ALTRO RINVIO. E adesso sembra essere tramontato anche l’ultimo tentativo, quello di far approvare la norma nella manovra economica. Ufficialmente la motivazione che ha portato a ritirare il provvedimento è stata la previsione dell’incostituzionalità del testo. Dal canto suo il Pd prova a scaricare la responsabilità e invita il presidente del Senato Grasso ad approvare una modifica al regolamento che prescriva proprio la riduzione dei vitalizi. A questo punto è lecito chiedersi perché il testo non sia stato rivisto o perché il regolamento non sia stato cambiato prima? Il sospetto è che nell’interminabile gioco dello scarica barile alla fine gli assegni pensionistici degli ex parlamentari non verranno intaccati. Adesso l’unico modo di far passare il ddl Richetti è che venga messo ai voti e approvato regolarmente. Ma al momento della proposta non c’è traccia nel calendario dei lavori del Senato che arriva fino al termine dell’attuale legislatura.
I VITALIZI NON SI TOCCANO. Sono diverse le ragioni per cui la proposta sul ricalcolo delle pensioni ha incontrato difficoltà proprio al Senato. La prima è che questa è la camera dove il Pd ha la maggioranza più risicata e spesso non è riuscito a far passare provvedimenti di vario genere. Ma il Senato è anche la camera i cui componenti, in maggioranza più anziani, sono più inclini a difendere lo status e i privilegi dei parlamentari. E poi c’è chi sostiene per difendere i propri emolumenti che la legge non riuscirebbe a passare l’esame della Corte Costituzionale.
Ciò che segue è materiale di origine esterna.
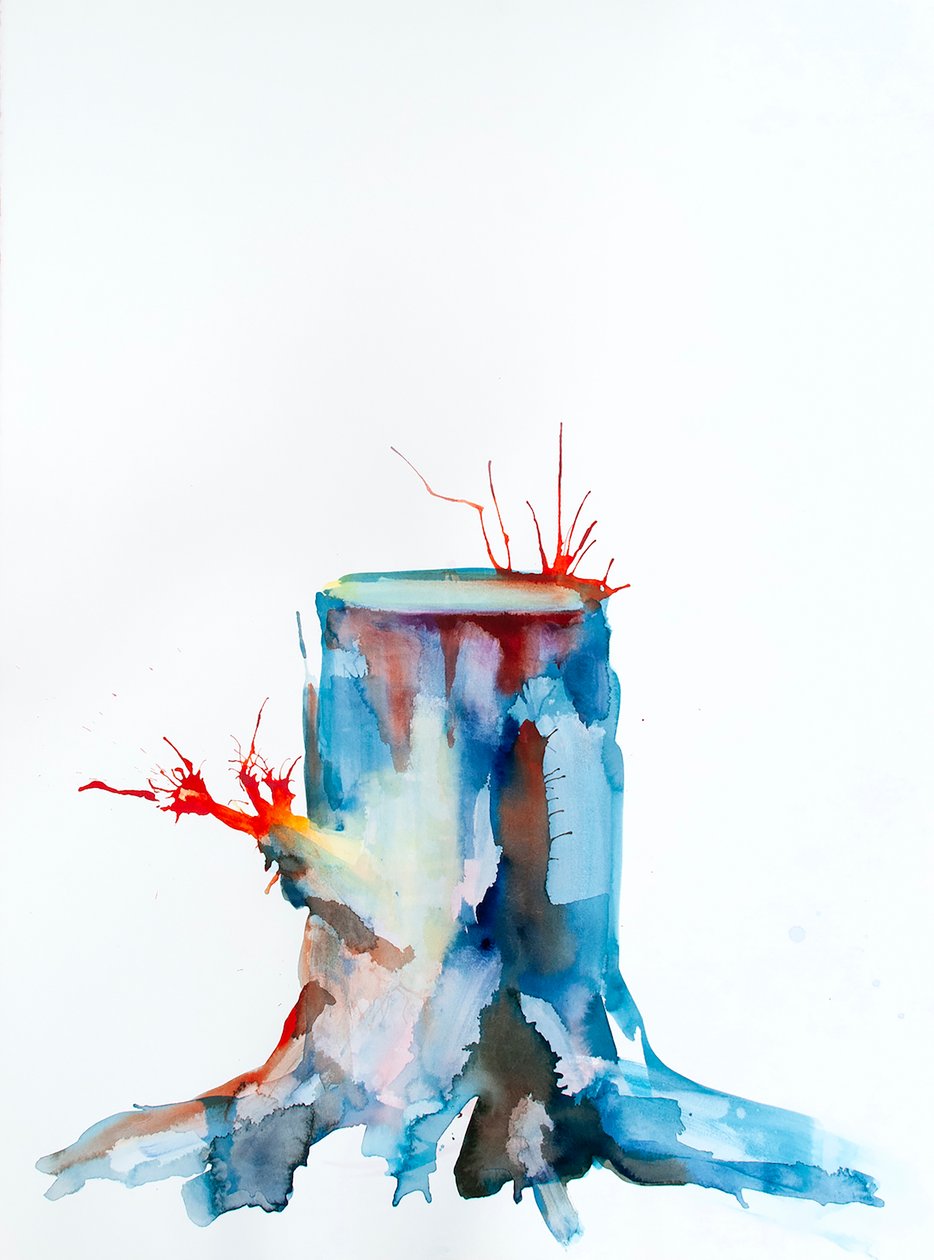 Red Shoots, 2020 (tinta, répalé és akvarell Bockingford papírra) alkotó: Monica Perez Vega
La Corte potrebbe decidere di bocciarla perché retroattiva, cioè perché va a toccare i cosiddetti “diritti acquisiti”, oppure perché non equa in quanto destinata solo ai parlamentari, visto che milioni di italiani percepiscono oggi assegni calcolati con metodo retributivo, e questo potrebbe sfociare in un ricalcolo generale delle pensioni degli italiani.
COSA POTREBBE CAMBIARE. Lo Stato sarebbe riuscito a circa 70 milioni di euro l’anno grazie a questa operazione. La proposta Richetti avrebbe riguardato circa 2.600 ex parlamentari che ricevono in tutto 193 milioni di euro netti di vitalizio ogni anno. Il ddl già passato alla Camera prevedeva di ricalcolare con il metodo contributivo l’importo degli assegni pensionistici. Significa che gli ex parlamentari riceverebbero un assegno proporzionato ai contributi che hanno versato e non calcolato sulla percentuale dei loro ultimi stipendi. Si passerebbe dal cosiddetto metodo retributivo al metodo contributivo già previsto per i parlamentari attualmente in carica. Secondo i calcoli dell’INPS, questo avrebbe portato a una riduzione media del 40 per cento degli assegni pensionistici. Annualmente gli ex parlamentari sarebbero passati dal ricevere una media di 56.830 euro a una media di 33.568 euro. Agli ex parlamentari a cui andrebbe intaccato l’assegno pensionistico vanno aggiunti anche 3.500 ex consiglieri regionali. Peraltro, visto che la legge consente pure di cumularli, ci sono politici che ne percepiscono due o, addirittura, tre. E lo continueranno a fare se non passa la legge. Tanto se bisogna risparmiare verrà innalzata ulteriormente l’età della pensione per tutti gli altri italiani.